Please copy, exactly as they appear below, the lines from the one containing "Poshmark Handwoven Black" through the one containing "Tan ankle zipper boots - Picture 3 of 8".

----- RECORDS FOR PROCESSING -----

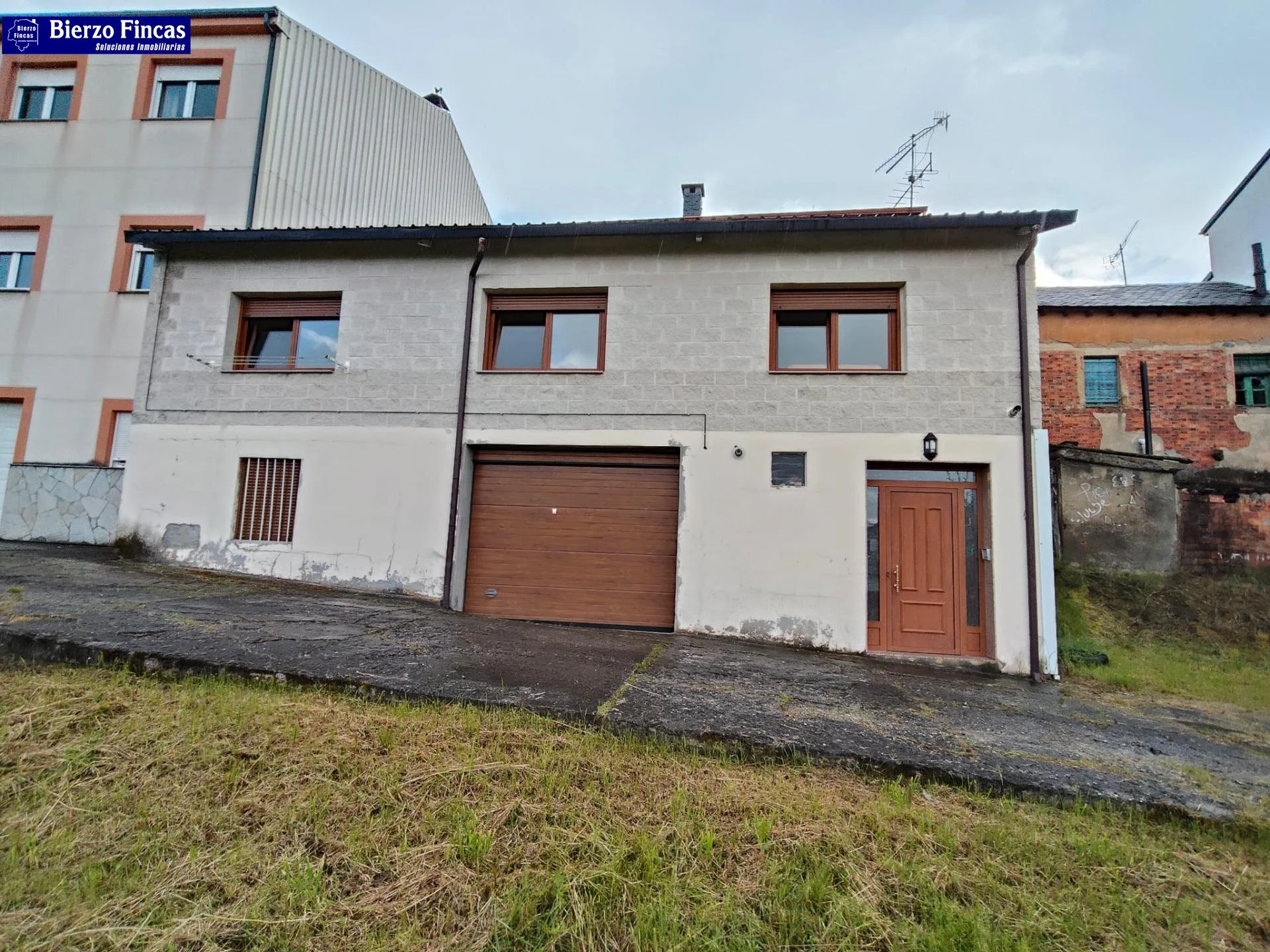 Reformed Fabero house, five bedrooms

-----
----- RECORDS FOR PROCESSING -----

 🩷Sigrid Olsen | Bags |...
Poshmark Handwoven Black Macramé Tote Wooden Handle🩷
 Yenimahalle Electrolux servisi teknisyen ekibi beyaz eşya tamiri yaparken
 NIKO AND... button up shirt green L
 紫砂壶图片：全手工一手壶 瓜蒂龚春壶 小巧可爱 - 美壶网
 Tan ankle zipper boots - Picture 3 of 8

-----
----- RECORDS FOR PROCESSING -----

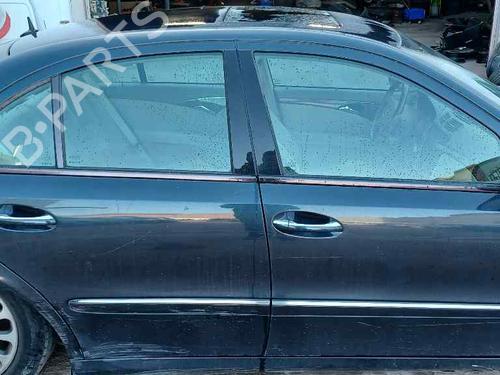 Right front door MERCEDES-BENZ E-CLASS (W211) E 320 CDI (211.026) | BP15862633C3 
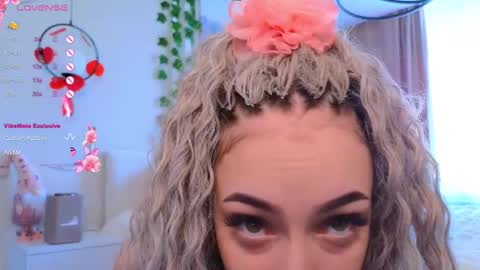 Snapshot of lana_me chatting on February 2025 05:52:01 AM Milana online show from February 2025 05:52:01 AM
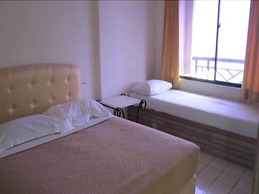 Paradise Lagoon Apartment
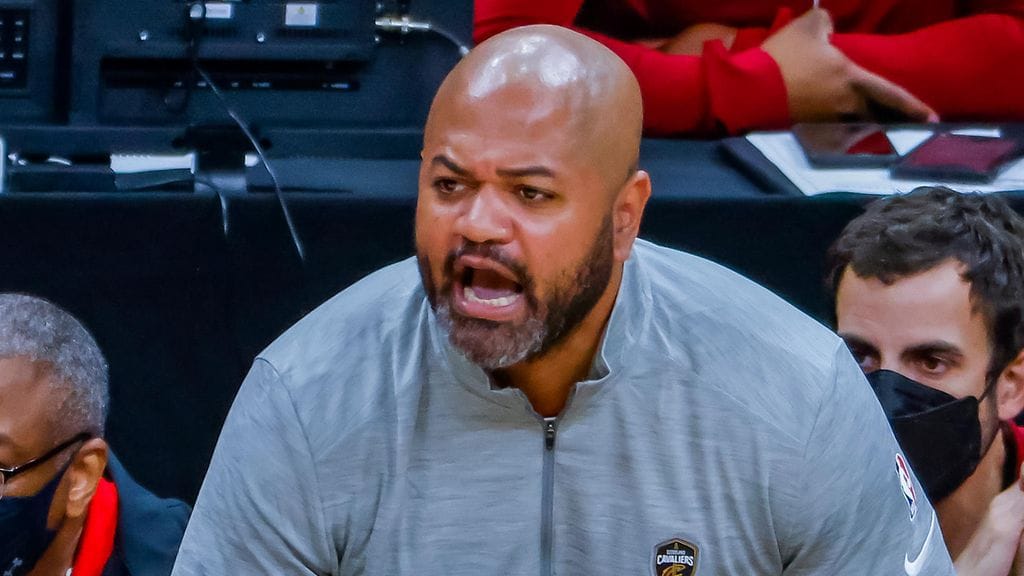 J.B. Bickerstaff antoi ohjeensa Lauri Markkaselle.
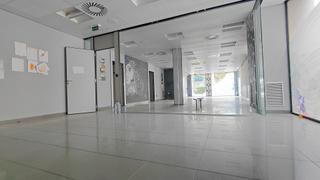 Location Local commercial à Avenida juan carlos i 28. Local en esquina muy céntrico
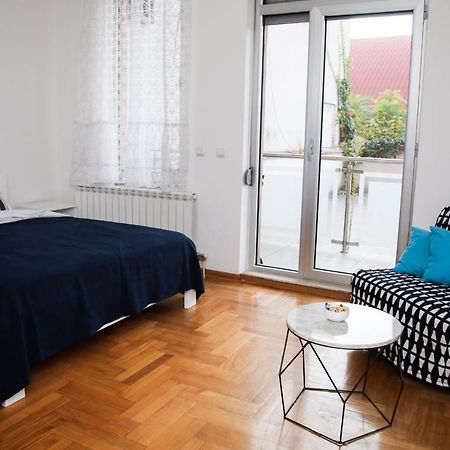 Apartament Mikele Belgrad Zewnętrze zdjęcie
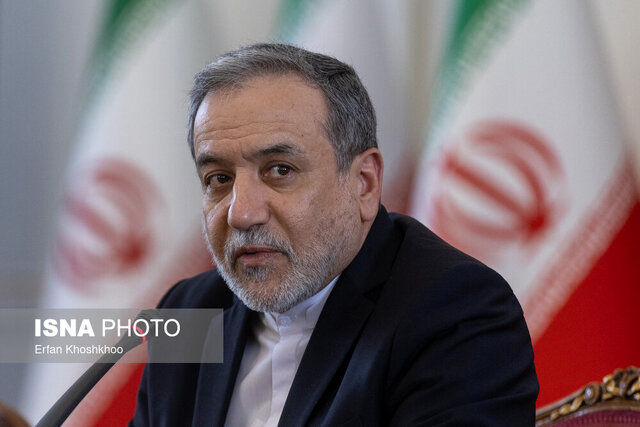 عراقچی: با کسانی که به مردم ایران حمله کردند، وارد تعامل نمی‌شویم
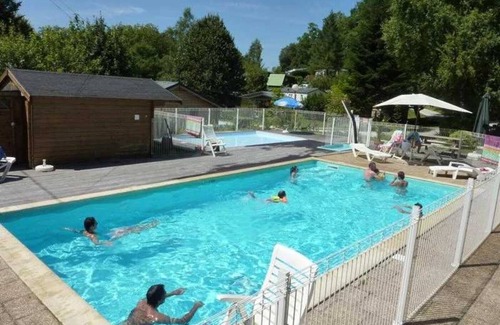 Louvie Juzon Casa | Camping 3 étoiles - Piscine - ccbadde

-----

• TASK SOLUTION
Poshmark Handwoven Black Macramé Tote Wooden Handle🩷
 Yenimahalle Electrolux servisi teknisyen ekibi beyaz eşya tamiri yaparken
 NIKO AND... button up shirt green L
 紫砂壶图片：全手工一手壶 瓜蒂龚春壶 小巧可爱 - 美壶网
 Tan ankle zipper boots - Picture 3 of 8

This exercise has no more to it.